#### ASSIGNMENT
Print the data exactly as it appears, keeping every word.

#### Short text fragments from websites

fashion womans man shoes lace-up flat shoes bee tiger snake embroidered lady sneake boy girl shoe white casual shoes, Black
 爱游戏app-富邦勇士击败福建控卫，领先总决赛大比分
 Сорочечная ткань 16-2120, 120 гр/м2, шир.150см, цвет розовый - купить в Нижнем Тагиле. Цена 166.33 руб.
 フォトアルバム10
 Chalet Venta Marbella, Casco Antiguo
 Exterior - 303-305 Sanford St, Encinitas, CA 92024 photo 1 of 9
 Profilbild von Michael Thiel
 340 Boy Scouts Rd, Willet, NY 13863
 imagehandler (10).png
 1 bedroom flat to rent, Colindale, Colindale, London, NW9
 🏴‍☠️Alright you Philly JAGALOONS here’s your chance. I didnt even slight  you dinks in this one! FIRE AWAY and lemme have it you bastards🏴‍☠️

#### TASK RESPONSE
fashion womans man shoes lace-up flat shoes bee tiger snake embroidered lady sneake boy girl shoe white casual shoes, Black
 爱游戏app-富邦勇士击败福建控卫，领先总决赛大比分
 Сорочечная ткань 16-2120, 120 гр/м2, шир.150см, цвет розовый - купить в Нижнем Тагиле. Цена 166.33 руб.
 フォトアルバム10
 Chalet Venta Marbella, Casco Antiguo
 Exterior - 303-305 Sanford St, Encinitas, CA 92024 photo 1 of 9
 Profilbild von Michael Thiel
 340 Boy Scouts Rd, Willet, NY 13863
 imagehandler (10).png
 1 bedroom flat to rent, Colindale, Colindale, London, NW9
 🏴‍☠️Alright you Philly JAGALOONS here’s your chance. I didnt even slight  you dinks in this one! FIRE AWAY and lemme have it you bastards🏴‍☠️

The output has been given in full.